Jackson: Some people will be familiar with my references, and some people won’t. I think that what I like about the work is that you can interact with my reference materials, or you can embrace it just as portraiture and performance and character-building. I like it when you can enter the work wherever you want.
Kennedy: I love that. Mariane, I know the gallery started out with a focus on African and African diaspora art and photography, and it’s become more global over the years. What was the impetus for that mission?
Ibrahim: It’s true, my focus was really on African-descent artists and photographers. I think what was really missing [at that time] was the infrastructure for presenting African-descent artists and black artists in commercial spaces, so that they could be visible to the public, written about by the press, eventually picked by museums and institutions, and then finally come to the attention of the mass.
The artists have always been there; there’s no novelty in that. African artists and African American artists have always been there. But at the time, they didn’t have the commercial galleries to invest in them and push them forward. My gallery wanted to shape and change the market for emerging artists and artists from a certain geographic space.
Kennedy: Chicago is very happy to have you here.
Ibrahim: I think the gallery’s pursuit is to bring something different, relevant to the art community that is already so rich in Chicago. You can’t get more diverse than Chicago! I’m literally walking through Chicago with a big smile, because I’m amazed at how much diversity I see every day. And that’s very comforting. Puts us in a really good mind-set, a good setting to be able to develop our business.
Kennedy: Absolutely. The richness of Chicago’s history, specifically its black history, is endless.
Ibrahim: We are beyond excited to have Ayana and her new body of work. They are of a much larger scale. We also are partnering with Expo Chicago, and one of her photographs is going to be part of Override, [taking over a large billboard in the city]. Last year, Override featured Glenn Ligon and Judy Chicago. Ayana will also be part of that landscape, the urban landscape of the city of Chicago. I know she’s too shy to talk about these kinds of things, but it’s really an Ayana Jackson takeover of Chicago [laughs].

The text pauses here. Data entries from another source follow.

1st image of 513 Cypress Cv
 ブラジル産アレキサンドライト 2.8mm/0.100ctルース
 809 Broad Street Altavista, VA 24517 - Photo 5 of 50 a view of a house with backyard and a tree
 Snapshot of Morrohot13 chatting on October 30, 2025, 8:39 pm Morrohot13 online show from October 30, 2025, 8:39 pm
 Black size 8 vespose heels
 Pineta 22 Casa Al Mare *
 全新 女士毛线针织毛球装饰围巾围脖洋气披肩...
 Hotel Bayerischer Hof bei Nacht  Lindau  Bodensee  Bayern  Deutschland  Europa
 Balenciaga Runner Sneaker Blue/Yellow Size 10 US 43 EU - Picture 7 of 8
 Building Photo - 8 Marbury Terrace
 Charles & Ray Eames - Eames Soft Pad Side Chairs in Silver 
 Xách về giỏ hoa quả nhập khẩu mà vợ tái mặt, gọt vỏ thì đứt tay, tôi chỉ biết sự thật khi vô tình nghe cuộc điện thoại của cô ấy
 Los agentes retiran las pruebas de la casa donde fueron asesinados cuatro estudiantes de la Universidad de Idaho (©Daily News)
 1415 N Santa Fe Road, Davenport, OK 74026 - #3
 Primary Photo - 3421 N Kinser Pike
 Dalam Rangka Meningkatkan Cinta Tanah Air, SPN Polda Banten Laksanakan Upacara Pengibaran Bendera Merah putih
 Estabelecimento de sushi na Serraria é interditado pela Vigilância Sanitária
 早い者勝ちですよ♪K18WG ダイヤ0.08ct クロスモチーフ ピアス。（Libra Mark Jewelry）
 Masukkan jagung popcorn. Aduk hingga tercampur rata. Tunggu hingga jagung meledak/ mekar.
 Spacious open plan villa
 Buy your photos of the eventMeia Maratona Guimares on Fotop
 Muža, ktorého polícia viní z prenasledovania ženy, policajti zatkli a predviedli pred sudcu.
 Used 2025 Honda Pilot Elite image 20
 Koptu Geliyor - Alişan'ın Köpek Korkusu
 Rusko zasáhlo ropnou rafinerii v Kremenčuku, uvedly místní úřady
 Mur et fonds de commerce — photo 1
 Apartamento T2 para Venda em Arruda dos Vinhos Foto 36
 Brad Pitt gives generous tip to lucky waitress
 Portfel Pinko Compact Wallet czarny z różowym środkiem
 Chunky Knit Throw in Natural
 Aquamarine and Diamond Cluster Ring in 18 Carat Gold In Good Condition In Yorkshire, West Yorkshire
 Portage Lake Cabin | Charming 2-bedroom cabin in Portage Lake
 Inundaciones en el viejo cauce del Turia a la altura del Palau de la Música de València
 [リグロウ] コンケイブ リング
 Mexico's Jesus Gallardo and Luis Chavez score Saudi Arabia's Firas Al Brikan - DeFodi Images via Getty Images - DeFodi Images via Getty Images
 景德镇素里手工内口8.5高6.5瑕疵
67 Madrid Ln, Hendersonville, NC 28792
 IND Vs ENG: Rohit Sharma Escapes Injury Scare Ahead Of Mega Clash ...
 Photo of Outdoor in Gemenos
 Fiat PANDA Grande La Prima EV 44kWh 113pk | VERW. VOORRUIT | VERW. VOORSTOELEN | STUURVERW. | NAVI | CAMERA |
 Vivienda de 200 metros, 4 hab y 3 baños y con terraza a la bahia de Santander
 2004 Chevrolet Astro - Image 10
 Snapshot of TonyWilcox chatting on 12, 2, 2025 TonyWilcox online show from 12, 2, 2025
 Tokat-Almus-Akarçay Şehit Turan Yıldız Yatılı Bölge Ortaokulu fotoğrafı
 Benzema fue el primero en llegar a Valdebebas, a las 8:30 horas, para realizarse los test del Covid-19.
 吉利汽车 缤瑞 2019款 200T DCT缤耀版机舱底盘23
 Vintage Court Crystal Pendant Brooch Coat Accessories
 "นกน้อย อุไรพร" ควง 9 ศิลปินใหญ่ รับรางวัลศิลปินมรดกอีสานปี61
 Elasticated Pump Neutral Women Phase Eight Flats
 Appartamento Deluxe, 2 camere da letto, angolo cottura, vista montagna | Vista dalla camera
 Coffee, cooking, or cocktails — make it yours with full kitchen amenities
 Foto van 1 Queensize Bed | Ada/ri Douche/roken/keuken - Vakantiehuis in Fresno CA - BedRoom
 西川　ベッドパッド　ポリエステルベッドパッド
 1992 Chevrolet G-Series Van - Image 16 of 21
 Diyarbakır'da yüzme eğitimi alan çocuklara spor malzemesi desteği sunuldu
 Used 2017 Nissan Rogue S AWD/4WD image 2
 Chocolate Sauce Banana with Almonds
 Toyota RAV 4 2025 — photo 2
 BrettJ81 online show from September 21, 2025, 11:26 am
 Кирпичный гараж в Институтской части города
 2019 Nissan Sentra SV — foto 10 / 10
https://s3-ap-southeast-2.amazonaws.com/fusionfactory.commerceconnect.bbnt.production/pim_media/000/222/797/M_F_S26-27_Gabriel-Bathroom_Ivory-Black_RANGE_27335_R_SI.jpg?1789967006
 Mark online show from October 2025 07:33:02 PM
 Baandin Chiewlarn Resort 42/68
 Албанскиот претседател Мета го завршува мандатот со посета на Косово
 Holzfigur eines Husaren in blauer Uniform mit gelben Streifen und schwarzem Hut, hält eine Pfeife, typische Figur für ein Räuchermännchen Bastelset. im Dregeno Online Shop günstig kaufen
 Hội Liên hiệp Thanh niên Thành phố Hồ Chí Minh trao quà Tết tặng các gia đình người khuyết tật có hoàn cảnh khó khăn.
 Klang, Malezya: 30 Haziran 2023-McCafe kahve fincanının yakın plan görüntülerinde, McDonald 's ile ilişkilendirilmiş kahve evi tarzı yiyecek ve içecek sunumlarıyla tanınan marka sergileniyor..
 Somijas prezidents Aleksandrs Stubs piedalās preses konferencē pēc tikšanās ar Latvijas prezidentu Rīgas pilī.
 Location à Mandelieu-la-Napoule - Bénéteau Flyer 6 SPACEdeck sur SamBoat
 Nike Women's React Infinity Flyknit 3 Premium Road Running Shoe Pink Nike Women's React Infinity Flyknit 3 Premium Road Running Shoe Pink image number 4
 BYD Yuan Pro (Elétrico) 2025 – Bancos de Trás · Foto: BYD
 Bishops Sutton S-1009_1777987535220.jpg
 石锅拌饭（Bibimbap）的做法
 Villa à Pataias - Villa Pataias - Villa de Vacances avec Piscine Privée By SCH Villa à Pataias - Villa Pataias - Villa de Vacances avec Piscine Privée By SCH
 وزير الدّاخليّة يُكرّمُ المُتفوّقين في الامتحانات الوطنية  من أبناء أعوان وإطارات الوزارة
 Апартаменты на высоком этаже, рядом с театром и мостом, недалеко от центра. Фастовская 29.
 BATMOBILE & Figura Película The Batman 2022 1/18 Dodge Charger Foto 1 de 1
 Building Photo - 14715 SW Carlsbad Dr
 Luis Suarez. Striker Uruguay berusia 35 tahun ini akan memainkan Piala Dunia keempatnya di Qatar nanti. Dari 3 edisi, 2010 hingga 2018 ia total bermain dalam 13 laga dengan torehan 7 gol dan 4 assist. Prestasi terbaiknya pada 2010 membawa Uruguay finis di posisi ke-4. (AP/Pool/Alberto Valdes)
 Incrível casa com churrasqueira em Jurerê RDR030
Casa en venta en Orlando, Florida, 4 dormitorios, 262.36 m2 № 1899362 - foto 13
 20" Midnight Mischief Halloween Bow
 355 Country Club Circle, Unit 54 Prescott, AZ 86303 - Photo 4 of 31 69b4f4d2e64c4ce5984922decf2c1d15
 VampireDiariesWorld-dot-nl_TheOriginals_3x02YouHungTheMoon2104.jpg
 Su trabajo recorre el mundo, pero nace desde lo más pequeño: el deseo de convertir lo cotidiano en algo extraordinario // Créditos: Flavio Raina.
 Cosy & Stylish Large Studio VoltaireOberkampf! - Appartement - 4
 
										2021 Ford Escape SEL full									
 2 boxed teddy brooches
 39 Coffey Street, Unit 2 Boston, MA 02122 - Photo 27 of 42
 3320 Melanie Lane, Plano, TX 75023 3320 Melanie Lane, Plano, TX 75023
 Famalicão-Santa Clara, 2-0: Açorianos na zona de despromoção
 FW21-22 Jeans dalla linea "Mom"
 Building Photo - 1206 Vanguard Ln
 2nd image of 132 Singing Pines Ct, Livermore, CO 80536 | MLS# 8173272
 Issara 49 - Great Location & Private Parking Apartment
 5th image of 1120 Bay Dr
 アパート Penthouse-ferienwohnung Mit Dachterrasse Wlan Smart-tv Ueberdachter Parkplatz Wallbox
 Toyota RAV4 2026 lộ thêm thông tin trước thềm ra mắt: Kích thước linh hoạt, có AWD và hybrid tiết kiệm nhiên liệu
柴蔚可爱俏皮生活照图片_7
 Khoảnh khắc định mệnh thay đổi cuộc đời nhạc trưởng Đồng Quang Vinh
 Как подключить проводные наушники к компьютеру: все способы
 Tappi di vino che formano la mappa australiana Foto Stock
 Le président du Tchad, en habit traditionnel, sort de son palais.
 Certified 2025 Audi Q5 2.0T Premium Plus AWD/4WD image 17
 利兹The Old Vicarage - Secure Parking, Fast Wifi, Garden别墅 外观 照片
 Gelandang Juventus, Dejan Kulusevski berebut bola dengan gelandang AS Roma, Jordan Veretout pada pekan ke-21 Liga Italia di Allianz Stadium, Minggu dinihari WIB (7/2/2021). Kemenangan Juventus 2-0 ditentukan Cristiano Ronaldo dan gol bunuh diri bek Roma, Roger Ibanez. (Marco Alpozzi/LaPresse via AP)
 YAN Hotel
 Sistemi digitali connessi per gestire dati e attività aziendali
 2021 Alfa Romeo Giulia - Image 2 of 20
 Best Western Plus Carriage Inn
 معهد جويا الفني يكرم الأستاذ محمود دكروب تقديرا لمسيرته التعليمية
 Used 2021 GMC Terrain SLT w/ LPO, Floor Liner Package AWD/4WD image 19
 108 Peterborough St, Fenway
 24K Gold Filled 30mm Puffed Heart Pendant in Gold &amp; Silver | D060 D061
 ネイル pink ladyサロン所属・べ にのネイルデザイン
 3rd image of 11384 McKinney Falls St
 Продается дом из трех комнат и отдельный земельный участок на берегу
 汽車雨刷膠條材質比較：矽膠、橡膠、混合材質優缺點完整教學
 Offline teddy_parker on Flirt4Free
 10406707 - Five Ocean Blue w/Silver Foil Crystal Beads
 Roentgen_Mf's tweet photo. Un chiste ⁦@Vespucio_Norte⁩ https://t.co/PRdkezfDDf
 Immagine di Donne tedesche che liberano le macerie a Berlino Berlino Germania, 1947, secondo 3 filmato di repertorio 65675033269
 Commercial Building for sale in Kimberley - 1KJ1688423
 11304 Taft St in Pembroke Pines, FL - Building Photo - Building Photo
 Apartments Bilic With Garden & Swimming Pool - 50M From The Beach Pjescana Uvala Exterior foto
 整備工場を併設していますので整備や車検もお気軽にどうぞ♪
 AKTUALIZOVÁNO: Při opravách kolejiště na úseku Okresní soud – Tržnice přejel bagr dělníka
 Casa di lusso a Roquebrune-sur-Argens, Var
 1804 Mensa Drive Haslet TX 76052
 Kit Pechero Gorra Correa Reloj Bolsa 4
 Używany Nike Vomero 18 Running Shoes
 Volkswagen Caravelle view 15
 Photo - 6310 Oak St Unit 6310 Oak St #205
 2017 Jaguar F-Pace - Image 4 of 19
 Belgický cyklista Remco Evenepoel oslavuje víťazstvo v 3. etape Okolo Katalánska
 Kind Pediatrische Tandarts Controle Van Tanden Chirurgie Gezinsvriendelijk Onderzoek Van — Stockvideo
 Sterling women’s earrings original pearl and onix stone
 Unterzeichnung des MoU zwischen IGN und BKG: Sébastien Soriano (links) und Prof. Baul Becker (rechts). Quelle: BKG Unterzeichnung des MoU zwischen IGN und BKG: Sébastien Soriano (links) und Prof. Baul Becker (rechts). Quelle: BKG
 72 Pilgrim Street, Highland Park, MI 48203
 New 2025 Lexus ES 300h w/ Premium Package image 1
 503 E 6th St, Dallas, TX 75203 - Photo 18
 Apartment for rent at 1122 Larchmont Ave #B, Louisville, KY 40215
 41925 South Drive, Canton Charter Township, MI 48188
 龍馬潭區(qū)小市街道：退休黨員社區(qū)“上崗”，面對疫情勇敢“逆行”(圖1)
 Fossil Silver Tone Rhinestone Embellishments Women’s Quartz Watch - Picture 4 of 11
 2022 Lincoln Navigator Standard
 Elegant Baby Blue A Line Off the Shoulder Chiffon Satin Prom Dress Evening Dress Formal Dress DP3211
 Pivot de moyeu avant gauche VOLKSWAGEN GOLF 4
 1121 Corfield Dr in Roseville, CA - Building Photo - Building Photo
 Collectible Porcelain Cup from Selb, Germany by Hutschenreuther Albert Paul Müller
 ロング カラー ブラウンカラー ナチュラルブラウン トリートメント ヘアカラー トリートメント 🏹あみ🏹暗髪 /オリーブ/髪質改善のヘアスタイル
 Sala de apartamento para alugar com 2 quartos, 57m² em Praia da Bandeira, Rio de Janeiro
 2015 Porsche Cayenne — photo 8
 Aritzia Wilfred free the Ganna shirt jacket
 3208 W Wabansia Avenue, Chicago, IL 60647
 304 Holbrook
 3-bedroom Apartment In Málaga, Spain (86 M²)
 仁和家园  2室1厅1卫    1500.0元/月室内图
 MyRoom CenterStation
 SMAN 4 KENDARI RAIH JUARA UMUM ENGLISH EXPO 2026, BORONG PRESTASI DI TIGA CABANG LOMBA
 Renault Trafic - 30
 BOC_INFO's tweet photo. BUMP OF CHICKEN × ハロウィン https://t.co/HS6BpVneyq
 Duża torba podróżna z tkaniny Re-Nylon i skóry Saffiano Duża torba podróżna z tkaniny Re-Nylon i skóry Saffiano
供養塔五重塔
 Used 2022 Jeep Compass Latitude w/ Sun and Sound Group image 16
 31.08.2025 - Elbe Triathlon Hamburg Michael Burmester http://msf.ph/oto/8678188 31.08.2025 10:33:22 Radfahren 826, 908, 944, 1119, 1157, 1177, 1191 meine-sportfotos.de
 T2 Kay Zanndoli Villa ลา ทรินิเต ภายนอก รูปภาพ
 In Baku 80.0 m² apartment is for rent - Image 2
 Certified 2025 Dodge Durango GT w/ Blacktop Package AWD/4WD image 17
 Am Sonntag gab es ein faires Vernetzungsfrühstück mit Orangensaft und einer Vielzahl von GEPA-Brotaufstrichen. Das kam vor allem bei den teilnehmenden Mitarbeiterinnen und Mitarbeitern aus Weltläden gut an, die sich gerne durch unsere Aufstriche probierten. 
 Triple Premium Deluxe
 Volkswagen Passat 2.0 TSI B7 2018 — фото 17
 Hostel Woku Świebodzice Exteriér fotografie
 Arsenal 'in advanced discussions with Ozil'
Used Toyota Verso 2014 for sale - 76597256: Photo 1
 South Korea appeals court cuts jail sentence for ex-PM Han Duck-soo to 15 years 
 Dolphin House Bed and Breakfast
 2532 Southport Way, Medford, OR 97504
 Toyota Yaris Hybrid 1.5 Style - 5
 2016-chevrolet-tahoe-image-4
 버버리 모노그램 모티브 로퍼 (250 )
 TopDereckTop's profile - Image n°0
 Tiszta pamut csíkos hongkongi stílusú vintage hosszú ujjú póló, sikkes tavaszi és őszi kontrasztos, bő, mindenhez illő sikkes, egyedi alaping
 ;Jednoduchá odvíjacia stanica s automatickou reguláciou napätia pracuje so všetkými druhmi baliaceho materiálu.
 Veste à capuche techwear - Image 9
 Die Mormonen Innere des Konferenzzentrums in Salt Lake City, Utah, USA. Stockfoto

Jackson: If she’s going to put me under the bus for being too modest, I’m going to put Mariane under the bus for being too modest. This can be a very cutthroat market, and it’s refreshing and comforting to have someone like Mariane, who takes our careers personally. She takes our success personally; our success is her success and vice versa. I’m super humbled to have the chance to carry her banner as she steps into Chicago for the first time.
Ibrahim: I’m really touched. The last thing that I will say about Ayana, which will summarize everything: she’s the only artist—not that I work with, but the only artist—who can literally, like a compass, put her fist in the center, and reach to Europe, Africa, and America, in terms of the history, like no one else. She has that flexibility to move constantly and go backwards in time, and make a perfect circle on the different narratives that have been told, written, and also untold. That’s also why I think her work is really touching many fields: photography, anthropology, art history, everything. I think she is a great ambassador to our program.
Ayana V. Jackson: Take Me to the Water is on view at Mariane Ibrahim Gallery, Chicago, through October 26, 2019.